For anyone who is a gun enthusiast, I cannot for the life of me figure why you'd ever need or want a gun that shoots hundreds of rounds of ammunition. What would you possibly need a gun like that for? Hunting? Sport? I truly cannot fathom the answer.

For all the fans of the Second Amendment, I do wish that there was a bit more education. It speaks of a "well armed militia." It was written in a time when British Soldiers were being housed in Colonist's homes. And there were no assault rifles. So which militia are you interested in joining?

Want to know where my opinion comes from?

Well, my father was a police officer for 27 years, now works as an investigator with the State's Attorney. He sees the effects of gun ownership every single day and as an adult has shared with me some of the horror he has seen over his career.

I grew up miles from Sandy Hook and all of the landmarks you are seeing on TV are personally familiar to me.

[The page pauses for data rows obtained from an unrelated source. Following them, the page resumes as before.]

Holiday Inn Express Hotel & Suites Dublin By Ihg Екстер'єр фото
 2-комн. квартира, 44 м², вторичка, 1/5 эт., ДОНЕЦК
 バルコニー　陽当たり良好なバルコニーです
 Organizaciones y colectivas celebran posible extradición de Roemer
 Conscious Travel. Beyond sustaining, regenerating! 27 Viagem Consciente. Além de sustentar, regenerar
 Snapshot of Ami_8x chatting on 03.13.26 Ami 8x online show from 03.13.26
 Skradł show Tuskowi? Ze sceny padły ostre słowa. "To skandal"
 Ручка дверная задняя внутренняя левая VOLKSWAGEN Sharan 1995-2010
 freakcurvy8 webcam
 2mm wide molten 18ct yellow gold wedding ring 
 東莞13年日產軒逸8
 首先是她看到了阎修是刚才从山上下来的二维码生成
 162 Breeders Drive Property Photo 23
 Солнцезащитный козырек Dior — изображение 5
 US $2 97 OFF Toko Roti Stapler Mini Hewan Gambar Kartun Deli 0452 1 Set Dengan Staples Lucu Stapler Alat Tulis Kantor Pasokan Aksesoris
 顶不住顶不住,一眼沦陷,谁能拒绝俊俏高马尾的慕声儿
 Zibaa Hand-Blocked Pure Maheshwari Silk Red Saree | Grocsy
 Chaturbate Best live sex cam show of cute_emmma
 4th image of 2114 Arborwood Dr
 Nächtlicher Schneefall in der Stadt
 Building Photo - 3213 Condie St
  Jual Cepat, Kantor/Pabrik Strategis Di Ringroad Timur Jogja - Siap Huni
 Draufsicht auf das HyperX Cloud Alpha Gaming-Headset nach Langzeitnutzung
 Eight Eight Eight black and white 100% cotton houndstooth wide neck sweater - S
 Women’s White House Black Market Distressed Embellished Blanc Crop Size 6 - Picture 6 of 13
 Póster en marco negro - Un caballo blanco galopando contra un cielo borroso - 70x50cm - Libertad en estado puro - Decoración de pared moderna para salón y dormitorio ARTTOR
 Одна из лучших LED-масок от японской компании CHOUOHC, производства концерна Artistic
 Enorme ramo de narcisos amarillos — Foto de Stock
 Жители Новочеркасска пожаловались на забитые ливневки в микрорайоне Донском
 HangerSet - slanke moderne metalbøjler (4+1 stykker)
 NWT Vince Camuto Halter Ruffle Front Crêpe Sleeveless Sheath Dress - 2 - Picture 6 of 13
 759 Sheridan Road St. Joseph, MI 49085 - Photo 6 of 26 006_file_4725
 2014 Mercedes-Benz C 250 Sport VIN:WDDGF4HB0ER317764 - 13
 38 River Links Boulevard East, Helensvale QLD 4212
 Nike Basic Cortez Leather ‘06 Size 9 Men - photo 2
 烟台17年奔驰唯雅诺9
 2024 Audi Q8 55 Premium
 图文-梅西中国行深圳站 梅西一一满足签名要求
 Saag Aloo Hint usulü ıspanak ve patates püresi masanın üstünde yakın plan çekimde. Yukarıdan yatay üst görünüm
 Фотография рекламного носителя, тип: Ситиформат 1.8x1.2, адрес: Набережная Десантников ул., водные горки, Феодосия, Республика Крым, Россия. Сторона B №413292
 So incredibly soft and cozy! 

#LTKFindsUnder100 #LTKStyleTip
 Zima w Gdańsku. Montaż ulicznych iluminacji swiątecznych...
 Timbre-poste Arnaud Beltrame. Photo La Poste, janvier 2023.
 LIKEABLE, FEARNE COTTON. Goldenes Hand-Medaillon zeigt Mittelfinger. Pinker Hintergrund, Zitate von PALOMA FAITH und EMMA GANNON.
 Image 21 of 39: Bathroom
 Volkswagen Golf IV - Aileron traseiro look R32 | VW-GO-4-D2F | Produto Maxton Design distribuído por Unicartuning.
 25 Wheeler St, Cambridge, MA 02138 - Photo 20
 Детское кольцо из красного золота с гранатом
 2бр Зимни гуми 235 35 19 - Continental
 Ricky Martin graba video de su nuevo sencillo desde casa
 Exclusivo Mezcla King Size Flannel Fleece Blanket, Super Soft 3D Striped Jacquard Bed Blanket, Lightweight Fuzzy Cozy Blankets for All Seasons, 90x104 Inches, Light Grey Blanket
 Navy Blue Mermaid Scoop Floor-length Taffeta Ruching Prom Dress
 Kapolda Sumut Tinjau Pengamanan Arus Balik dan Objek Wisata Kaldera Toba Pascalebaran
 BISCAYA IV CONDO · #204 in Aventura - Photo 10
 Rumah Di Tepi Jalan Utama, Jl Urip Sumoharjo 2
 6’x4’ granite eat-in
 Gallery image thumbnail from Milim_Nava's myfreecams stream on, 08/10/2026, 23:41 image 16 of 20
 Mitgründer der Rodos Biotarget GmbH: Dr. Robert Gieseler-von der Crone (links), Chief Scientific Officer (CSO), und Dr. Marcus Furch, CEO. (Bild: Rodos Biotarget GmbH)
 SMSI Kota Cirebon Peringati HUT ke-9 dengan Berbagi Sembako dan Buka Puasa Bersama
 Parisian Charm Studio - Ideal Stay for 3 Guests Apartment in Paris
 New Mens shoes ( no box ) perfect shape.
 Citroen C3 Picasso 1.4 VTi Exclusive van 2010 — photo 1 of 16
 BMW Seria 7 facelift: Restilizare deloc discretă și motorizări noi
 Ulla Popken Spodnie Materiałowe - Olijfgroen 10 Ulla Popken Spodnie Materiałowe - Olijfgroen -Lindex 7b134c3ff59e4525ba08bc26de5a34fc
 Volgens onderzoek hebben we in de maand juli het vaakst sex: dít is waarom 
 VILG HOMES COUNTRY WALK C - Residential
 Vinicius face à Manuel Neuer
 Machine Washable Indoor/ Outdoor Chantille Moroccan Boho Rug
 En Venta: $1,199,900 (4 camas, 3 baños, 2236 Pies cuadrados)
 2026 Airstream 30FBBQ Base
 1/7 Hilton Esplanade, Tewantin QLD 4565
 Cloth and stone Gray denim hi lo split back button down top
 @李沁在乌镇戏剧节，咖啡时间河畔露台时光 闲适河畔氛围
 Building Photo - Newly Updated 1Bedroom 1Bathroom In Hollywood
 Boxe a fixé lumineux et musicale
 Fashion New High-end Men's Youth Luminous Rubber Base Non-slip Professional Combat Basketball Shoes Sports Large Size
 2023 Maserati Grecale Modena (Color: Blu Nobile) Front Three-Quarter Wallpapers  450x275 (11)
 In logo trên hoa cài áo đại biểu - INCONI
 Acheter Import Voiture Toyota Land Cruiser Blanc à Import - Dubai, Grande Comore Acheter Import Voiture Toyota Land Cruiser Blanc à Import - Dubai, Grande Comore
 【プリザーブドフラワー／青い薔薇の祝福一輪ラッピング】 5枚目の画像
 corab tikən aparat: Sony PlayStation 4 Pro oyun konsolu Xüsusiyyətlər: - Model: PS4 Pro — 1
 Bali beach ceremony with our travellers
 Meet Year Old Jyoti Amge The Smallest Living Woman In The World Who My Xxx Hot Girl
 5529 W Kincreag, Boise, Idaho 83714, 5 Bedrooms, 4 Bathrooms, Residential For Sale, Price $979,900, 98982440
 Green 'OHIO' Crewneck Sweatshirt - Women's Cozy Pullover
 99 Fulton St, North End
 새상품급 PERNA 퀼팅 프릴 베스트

AND the one thing that created my strongest opinion on gun ownership: I was robbed at gunpoint in the lobby of my apartment building in 1996. In the moment that I was looking down the barrel of a semi-automatic handgun while I handed over my car keys, my purse and every bit of identification and every credit card I owned, it made not a speck of difference if the guy pointing a gun at me had a permit or not. (For all I know he obtained it legally at a gun show.) In the many years that have followed, this event never left me, and I will admit it affects me greatly at times. I do hope that this is not something that you have ever had to experience. However, it did raise one question for me that I have yet to find a reasonable answer. Aside from historical value of older guns as antiques, what could possibly draw another human being to want a machine that serves no other purpose than to harm and kill?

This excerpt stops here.